Short web captions:

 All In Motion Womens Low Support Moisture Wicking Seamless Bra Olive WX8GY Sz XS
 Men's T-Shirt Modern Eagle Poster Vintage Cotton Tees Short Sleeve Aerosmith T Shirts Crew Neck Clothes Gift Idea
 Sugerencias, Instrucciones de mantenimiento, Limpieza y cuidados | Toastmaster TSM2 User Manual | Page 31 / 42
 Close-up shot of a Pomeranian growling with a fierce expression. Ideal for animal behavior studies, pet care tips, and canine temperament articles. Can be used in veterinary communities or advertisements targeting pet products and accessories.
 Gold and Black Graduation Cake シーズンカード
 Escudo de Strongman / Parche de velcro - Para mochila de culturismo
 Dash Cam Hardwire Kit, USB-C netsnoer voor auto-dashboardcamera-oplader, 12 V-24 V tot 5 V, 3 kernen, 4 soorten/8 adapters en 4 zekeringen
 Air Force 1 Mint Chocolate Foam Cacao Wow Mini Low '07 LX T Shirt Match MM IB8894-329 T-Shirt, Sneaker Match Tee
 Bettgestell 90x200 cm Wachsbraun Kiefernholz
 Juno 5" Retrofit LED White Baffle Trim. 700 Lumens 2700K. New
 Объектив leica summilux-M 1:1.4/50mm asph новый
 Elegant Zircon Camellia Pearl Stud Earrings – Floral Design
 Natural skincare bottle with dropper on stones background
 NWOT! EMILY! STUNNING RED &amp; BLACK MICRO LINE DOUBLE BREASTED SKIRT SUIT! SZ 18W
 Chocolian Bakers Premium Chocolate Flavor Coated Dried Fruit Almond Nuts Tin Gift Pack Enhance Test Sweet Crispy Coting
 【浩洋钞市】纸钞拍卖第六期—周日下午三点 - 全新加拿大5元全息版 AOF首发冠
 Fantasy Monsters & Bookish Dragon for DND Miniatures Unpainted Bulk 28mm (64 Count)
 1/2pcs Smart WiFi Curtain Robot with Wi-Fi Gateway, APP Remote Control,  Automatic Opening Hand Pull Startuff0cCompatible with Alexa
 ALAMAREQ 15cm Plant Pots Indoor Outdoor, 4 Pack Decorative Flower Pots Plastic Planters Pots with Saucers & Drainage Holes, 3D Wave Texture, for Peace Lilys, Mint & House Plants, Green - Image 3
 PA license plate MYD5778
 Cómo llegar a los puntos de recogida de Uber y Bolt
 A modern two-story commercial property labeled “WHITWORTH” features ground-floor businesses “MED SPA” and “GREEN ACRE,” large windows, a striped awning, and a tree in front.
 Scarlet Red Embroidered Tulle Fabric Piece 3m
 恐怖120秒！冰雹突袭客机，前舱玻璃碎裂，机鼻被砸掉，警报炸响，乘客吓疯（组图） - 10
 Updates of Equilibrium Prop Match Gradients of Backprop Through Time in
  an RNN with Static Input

How to complete this task: What the task asks for is a word-for-word repeat of the lines above, from the first through the one containing "Sugerencias, Instrucciones de".

Task output:
 All In Motion Womens Low Support Moisture Wicking Seamless Bra Olive WX8GY Sz XS
 Men's T-Shirt Modern Eagle Poster Vintage Cotton Tees Short Sleeve Aerosmith T Shirts Crew Neck Clothes Gift Idea
 Sugerencias, Instrucciones de mantenimiento, Limpieza y cuidados | Toastmaster TSM2 User Manual | Page 31 / 42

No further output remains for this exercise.